LEI ORDINÁRIA Nº 2.049 DE 19 DE MARÇO DE 2026
Autor: Vereador Pedro Henrique Gomes
Dispõe sobre a obrigatoriedade de prestação de contas por organizações da sociedade civil que recebam recursos públicos municipais, estabelece requisitos de transparência e dá outras providências.
HÉCTOR ALVARES BEZERRA, Prefeito do Município de Mirassol d´Oeste, Estado de Mato Grosso, no uso das atribuições legais,
FAZ SABER que o Plenário das Deliberações da Câmara Municipal de Mirassol d´Oeste, Estado de Mato Grosso, APROVOU em Sessão Ordinária realizada no dia 23 de fevereiro de 2026, e eu SANCIONO a seguinte Lei:
Art. 1º As organizações da sociedade civil que celebrarem instrumentos de parceria com o Município de Mirassol D'Oeste e receberem recursos públicos municipais ficam obrigadas a prestar contas na forma desta Lei.
§ 1º Para fins desta Lei, consideram-se organizações da sociedade civil:
I – as associações;
II – as organizações da sociedade e civil de interesse público (OSCIPs);
III – as cooperativas sociais;
IV – as entidades filantrópicas e beneficentes de assistência social;
V – as organizações religiosas que executem projetos de interesse público com recursos municipais.

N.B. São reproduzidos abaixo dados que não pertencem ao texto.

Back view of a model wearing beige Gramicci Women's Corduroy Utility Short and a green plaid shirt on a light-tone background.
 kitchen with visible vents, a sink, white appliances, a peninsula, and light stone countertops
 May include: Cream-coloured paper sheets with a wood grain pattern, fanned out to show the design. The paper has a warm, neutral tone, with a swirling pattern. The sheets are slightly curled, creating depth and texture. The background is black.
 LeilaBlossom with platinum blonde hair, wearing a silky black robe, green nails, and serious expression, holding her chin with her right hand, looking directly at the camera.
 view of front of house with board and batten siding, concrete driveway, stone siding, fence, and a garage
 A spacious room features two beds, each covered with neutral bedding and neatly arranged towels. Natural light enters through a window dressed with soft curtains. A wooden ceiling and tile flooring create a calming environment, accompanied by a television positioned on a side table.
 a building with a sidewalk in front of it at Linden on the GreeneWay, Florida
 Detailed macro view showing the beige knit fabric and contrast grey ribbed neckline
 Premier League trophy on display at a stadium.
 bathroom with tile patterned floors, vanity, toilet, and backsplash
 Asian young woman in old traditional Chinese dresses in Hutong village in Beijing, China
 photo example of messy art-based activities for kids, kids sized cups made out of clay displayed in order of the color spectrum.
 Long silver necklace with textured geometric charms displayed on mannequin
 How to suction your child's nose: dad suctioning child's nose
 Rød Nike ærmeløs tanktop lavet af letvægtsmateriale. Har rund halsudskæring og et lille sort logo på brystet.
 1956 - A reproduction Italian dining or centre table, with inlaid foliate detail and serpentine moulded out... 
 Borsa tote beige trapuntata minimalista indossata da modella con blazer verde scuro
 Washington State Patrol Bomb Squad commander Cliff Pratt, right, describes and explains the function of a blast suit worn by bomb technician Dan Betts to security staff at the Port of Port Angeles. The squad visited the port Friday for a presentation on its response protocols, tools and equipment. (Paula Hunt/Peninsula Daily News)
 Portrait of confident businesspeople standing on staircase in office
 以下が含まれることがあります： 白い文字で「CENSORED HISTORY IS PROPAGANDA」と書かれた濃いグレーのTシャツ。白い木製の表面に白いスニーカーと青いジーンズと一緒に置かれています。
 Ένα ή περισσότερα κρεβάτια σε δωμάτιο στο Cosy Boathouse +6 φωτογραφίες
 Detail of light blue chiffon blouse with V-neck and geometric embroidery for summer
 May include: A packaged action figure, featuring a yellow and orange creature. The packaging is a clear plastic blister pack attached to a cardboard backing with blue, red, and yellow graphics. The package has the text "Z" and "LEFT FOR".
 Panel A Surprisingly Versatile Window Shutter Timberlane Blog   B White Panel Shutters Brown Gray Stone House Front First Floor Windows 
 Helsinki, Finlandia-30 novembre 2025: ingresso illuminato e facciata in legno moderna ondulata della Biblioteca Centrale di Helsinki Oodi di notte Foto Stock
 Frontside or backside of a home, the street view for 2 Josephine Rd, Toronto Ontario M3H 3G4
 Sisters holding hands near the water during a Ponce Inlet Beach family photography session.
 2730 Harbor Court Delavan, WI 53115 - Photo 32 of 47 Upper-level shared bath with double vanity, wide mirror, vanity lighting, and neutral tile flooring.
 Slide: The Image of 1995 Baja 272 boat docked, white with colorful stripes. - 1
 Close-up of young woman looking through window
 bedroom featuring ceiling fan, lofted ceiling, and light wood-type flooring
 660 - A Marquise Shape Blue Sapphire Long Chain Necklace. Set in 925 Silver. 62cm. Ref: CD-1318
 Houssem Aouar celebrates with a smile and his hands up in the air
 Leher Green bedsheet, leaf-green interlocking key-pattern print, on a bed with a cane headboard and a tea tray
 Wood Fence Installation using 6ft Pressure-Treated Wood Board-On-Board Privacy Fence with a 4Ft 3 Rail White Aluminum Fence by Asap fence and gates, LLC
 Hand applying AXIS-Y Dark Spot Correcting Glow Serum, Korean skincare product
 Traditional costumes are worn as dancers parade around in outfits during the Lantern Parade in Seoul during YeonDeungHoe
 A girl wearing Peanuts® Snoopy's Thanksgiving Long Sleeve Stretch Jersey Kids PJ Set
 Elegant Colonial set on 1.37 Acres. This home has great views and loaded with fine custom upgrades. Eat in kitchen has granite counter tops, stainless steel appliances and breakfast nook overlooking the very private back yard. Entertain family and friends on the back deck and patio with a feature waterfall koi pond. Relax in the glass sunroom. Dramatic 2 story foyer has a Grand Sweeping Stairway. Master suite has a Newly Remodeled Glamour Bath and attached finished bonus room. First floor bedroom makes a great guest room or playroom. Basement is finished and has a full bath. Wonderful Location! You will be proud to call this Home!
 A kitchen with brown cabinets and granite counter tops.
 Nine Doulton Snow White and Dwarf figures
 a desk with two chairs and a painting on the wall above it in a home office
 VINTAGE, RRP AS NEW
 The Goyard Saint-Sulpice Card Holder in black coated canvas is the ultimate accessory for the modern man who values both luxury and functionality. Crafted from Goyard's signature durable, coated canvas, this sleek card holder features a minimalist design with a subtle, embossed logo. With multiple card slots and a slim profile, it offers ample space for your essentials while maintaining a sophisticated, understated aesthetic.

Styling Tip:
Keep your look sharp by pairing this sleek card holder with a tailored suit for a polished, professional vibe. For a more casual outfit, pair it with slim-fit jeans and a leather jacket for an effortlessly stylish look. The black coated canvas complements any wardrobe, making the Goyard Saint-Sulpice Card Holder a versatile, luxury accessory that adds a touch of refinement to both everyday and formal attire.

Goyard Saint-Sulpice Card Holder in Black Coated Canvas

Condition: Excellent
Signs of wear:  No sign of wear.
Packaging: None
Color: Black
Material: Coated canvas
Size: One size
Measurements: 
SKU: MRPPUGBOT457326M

§ 2º Incluem-se nas obrigações desta Lei quaisquer entidades privadas que recebam:
I – subvenções sociais;
II – auxílios financeiros;
III – recursos mediante termos de colaboração, termos de fomento ou acordos de cooperação;
Art. 2º A prestação de contas será apresentada ao órgão municipal gestor da parceria, no prazo de até 90 (noventa) dias após o término da vigência do instrumento ou, no caso de parcerias plurianuais, anualmente, até 31 de março do exercício subsequente.
Parágrafo único. O prazo previsto no caput poderá ser prorrogado, uma única vez, por igual período, mediante solicitação fundamentada da organização da sociedade civil, antes do vencimento do prazo original.
Art. 3º. A prestação de contas conterá, obrigatoriamente, os seguintes elementos:
I – relatório de execução do objeto, descrevendo as atividades realizadas e os resultados alcançados;
II – declaração do representante legal de que o objeto foi executado conforme o plano de trabalho;
III – relação de bens adquiridos, produzidos ou transformados com recursos da parceria, quando houver;
IV – relação de pagamentos efetuados, acompanhada dos comprovantes fiscais (notas fiscais, recibos, faturas);
V – extratos bancários da conta específica vinculada à parceria, demonstrando toda a movimentação financeira;
VI – demonstrativo de receitas e despesas, evidenciando a destinação integral dos recursos recebidos;
VII – comprovação de recolhimento de tributos e contribuições sociais devidas em razão da execução da parceria;
VIII – relação de rendimentos de aplicações financeiras, quando houver, e sua incorporação aos recursos da parceria;
IX – documentação fotográfica das ações desenvolvidas, quando aplicável;
X – lista de beneficiários atendidos, preservada a identidade individual em observância à Lei nº 13.709/2018 (LGPD).
§ 1º Quando a execução envolver atendimento direto a pessoas em situação de vulnerabilidade, crianças, adolescentes ou dados de saúde, as informações serão apresentadas de forma agregada e anônima, sem identificação individual dos beneficiários.
§ 2º A organização da sociedade civil não está obrigada a publicar a prestação de contas em meios próprios, cabendo ao Poder Público Municipal dar publicidade nos termos da Lei Federal nº 12.527/2011 e da Lei Federal nº 13.019/2014.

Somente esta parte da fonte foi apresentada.